The way cells interact within our simulated islet is restricted to gap junction electrical coupling. As such, we conclude that gap junction communication is unlikely to be able to explain the role small cell subpopulations play in islet function, under the model assumptions presented here. These conclusions are also consistent with elevated oscillatory [Ca2+] being maintained upon a loss of Cx36 gap junction coupling [22], albeit with a lack of synchronization. However, we do note that first phase insulin release is diminished upon a loss of Cx36 gap junction coupling [57]. Therefore, we cannot exclude that small cell subpopulations can drive [Ca2+] elevations via gap junction coupling during the initial first phase response.

β-cells can communicate across the islet via paracrine communication.

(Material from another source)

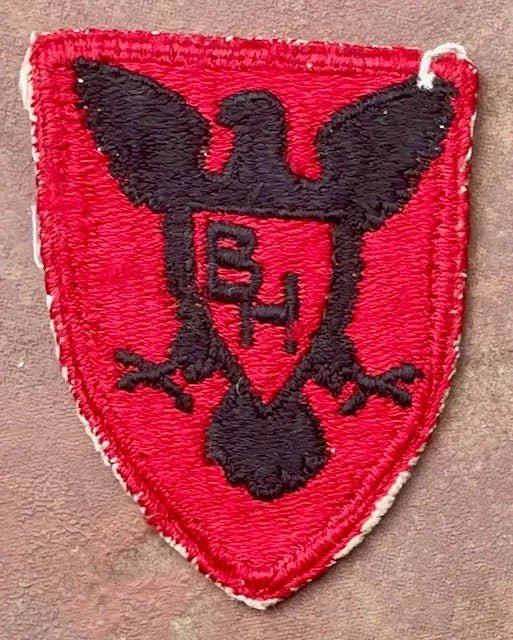 US Army 86th Infantry Division Patch SSI Cut Edge - Bateleur Militaria
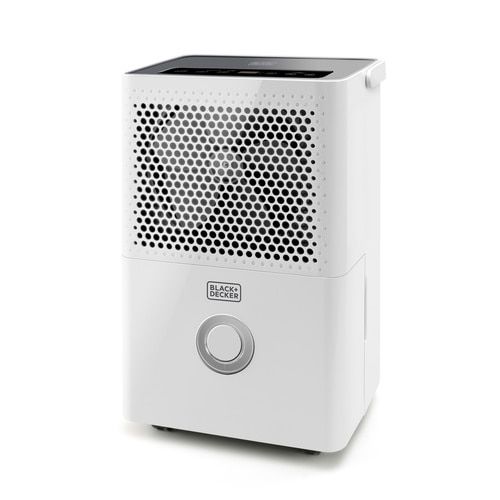 Black+Decker BXDH12E Luchtontvochtiger - 1.5L - 42dB - Wit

This includes inhibitory factors such as GABA, 5-HT, dopamine and Ucn3 (via δ-cell somatostatin release) and stimulatory factors such as ATP [5860]. Thus, it is conceivable, small subpopulations of metabolic active cells are secreting increased levels of stimulatory paracrine factors. Alternatively, small subpopulations may be acting via other endocrine cells, such as glucagon-secreting α-cells, to stimulate other β-cells within the islet [61]. Removal of immature cell populations can also disrupt islet function, suggesting a broader remodeling of the islet can be induced by small cell subpopulations [62]. Therefore, analyzing whether subpopulations show differential release of paracrine factors will be important to better elucidate their function within the islet.

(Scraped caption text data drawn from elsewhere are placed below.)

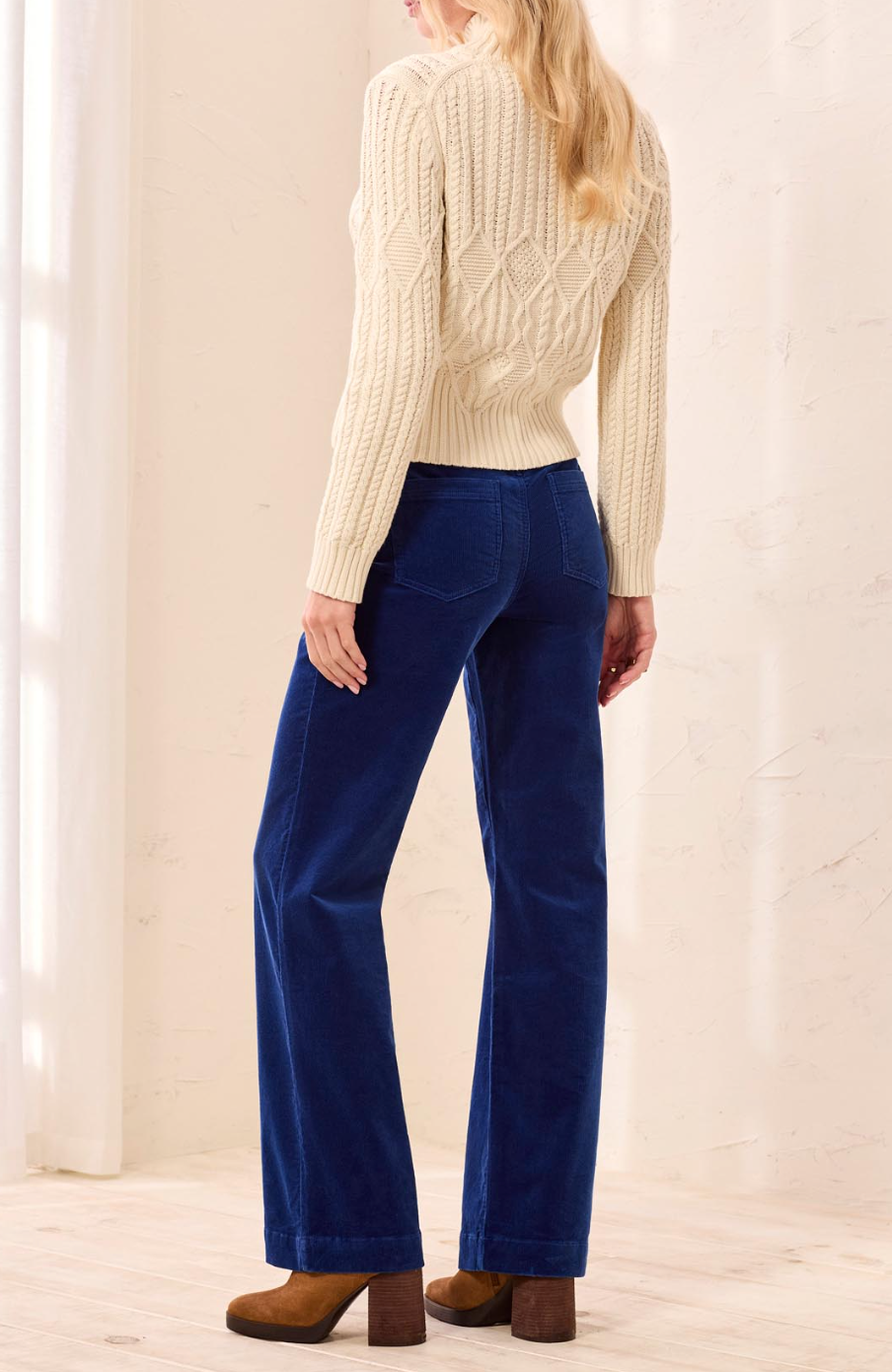 Tribal Cords -Cobalt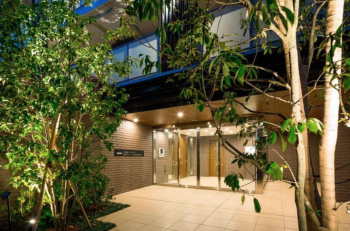 グローリオ レジデンス町田中町　エントランス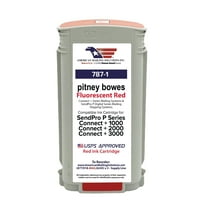 Pitney Bowes 787-1 Ink Cartridge forthe Connect Series Meters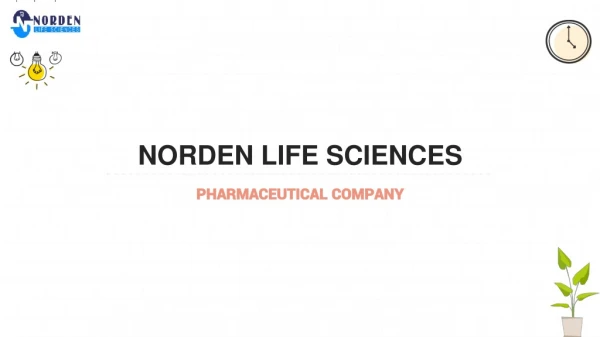 PCD Pharma Franchises Company | Norden Life Sciences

Highly metabolic cells have increased connectivity, but this is not due to increased gap junction coupling

Gap junction coupling allows for heterogeneous populations of β-cells to act in a cohesive manner. For example, when populations of normally excitable and inexcitable cells combine within an islet, gap junction coupling ensures that a uniform response occurs, whether this be suppressed [Ca2+] or coordinated elevated [Ca2+] [41]. Some cell populations have been suggested to have elevated connectivity with other cells in the islet, as measured by correlated [Ca2+] oscillations [37, 38], and could result from an increase in gap junction coupling.

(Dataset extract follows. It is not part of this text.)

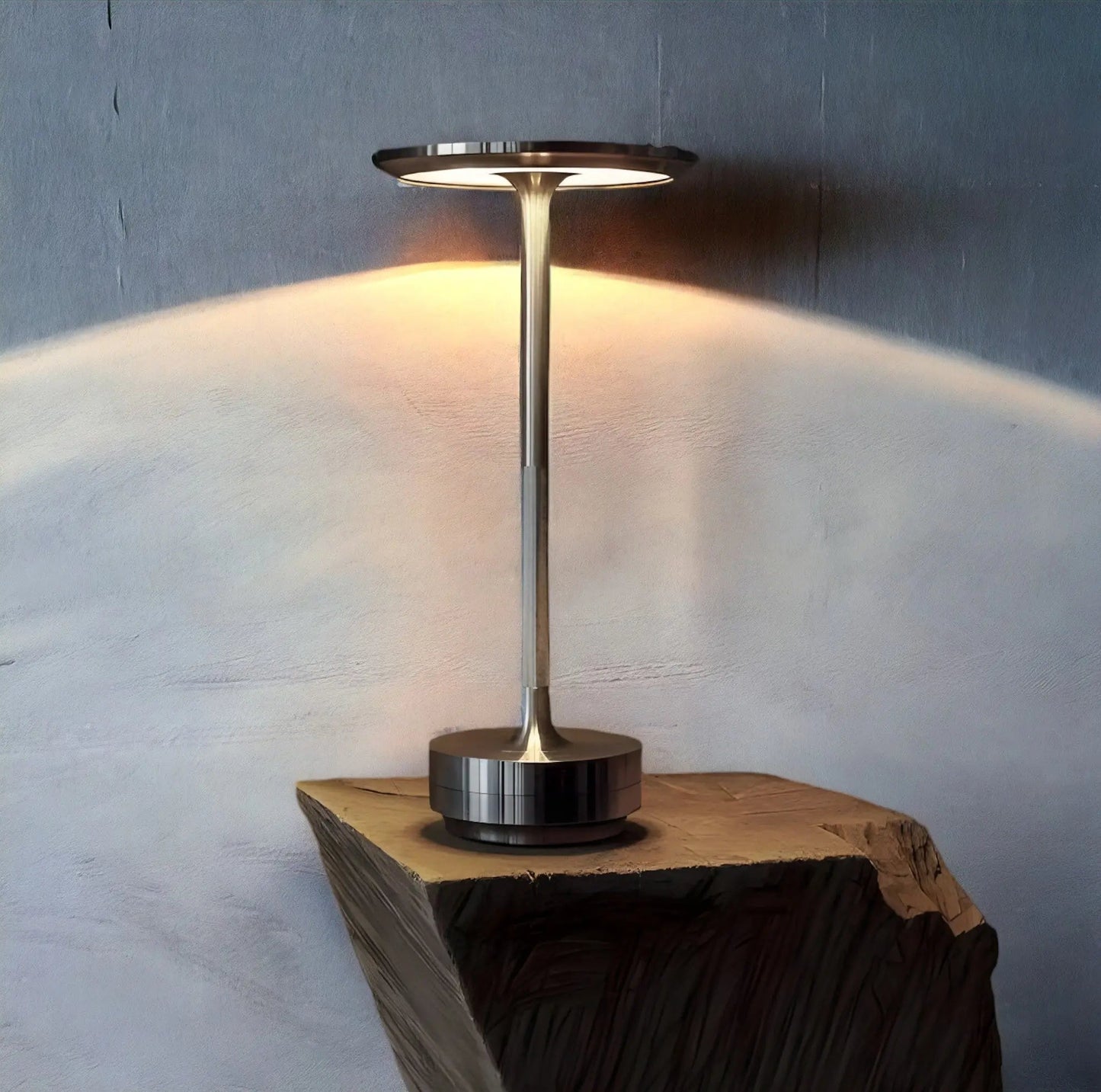 Garduru LED-Tischlampe – Dimmbare & wiederaufladbare Nachtlampe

In our simulations, highly metabolic cells showed increased connectivity compared with lower metabolically active cells which is in agreement with previous studies showing super connected ‘hub’ cells have increased GK protein expression. However, when more metabolically active cells had increased coupling conductance, both highly metabolic cells and low metabolic cells became more similar in their ability to suppress islet function under hyperpolarization (Fig 3). If gap junction coupling is elevated in metabolically active cells, it is reduced in less metabolically active cells. A decrease in coupling lessens how the islet is suppressed in the presence of inexcitable cells that transmit hyperpolarizing current across the islet. Thus, hyperpolarizing a population of metabolically active cells would transmit less hyperpolarizing current beyond the nearest neighbor cells.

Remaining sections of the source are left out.